Il y a quelques années, j’ai suivi un cours d’allemand à Dresde, en Saxe, en Allemagne. J’adore voyager et, lorsque je voyage, j’aime me mêler à la population locale pour essayer d’en apprendre davantage sur sa culture. J’aime aussi la bière brune, alors, un soir à Dresde, j’ai décidé d’aller dans un bar pour en boire une. Mon niveau d’allemand, à ce moment-là, était très bas, tout au plus un A2, et les Allemands sont des personnes très directes qui ne laissent pas passer les erreurs. Autrement dit, si vous faites une erreur, ils vous le disent. L’allemand a des cas grammaticaux, mais je ne vais pas expliquer ici ce que c’est, car cela me prendrait 800 pages. L’essentiel, c’est que les cas grammaticaux impliquent la déclinaison, c’est-à-dire que de nombreux mots changent en fonction de leur rôle dans la phrase. Pour donner un exemple, en anglais, «rouge» se dit red, et ça reste red dans tous les cas. En allemand, on dit rot, mais selon le cas grammatical, cela peut devenir rote, roter, roten, rotem ou rotes. Je crois que je n’oublie aucune forme. Mais c’est encore pire: certaines de ces formes peuvent être masculines, féminines, singulières ou plurielles, selon le cas grammatical. Autrement dit, «rojo, roja, rojos, rojas» en espagnol, c’est un jeu d’enfant.
Le fait est que je suis allé au bar et, à l’entrée, j’ai répété comment demander qu’on me recommande une bonne bière brune.

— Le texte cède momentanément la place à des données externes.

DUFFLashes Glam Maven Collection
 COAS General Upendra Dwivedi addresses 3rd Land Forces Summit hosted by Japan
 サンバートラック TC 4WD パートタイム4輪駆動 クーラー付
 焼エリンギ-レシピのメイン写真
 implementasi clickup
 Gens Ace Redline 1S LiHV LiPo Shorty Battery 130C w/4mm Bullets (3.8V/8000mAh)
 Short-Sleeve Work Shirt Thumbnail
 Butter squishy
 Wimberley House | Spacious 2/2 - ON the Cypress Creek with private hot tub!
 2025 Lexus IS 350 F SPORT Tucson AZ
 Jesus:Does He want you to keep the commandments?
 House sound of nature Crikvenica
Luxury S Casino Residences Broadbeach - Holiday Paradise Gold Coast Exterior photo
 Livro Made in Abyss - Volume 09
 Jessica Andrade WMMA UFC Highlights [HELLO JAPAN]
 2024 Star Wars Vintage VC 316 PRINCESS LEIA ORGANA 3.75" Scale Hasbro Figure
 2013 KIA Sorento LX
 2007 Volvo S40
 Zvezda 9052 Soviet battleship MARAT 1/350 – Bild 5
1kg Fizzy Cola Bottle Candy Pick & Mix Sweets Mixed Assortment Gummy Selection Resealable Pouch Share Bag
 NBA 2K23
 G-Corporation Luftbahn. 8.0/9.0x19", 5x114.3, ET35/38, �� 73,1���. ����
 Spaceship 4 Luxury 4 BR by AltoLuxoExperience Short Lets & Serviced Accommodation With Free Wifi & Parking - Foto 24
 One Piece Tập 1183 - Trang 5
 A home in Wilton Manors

– Könnten Sie mir bitte ein gutes dunkel Bier empfehlen?
– Hast du dunkles gesagt?
Ce fut la réponse, avec un air peu aimable, parce que je n’avais pas décliné l’adjectif dunkel. Pourquoi cette anecdote? Parce que l’erreur fait partie du processus d’acquisition d’une langue étrangère. Et les humains n’aiment pas se tromper: cela nous rend nerveux, cela nous embarrasse. Le problème, c’est justement que l’erreur est inévitable. Lorsque nous apprenons une langue, nous ne pouvons pas attendre de la parler parfaitement pour commencer à l’utiliser. D’une part, parce que si nous ne l’utilisons pas, nous ne progresserons pas. D’autre part, parce qu’il est fort probable que nous n’atteignions jamais le niveau d’un natif. En fait, pour différentes raisons, si nous commençons à apprendre une langue étrangère à l’âge adulte, il est hautement improbable que nous acquérions la compétence d’un locuteur natif. Il existe une théorie selon laquelle, parmi les adultes qui commencent à apprendre une langue étrangère, seulement 5 % atteindront ce niveau de compétence linguistique. Et on les appelle les 5 % pathologiques. Ainsi, ce que je veux transmettre avec cet article, c’est qu’il ne faut pas avoir peur de l’erreur. Et si l’on ne peut pas éviter cette peur, il faut se tromper malgré elle. Et si l’on nous corrige, l’accepter. Après tout, les corrections nous aident à progresser, non?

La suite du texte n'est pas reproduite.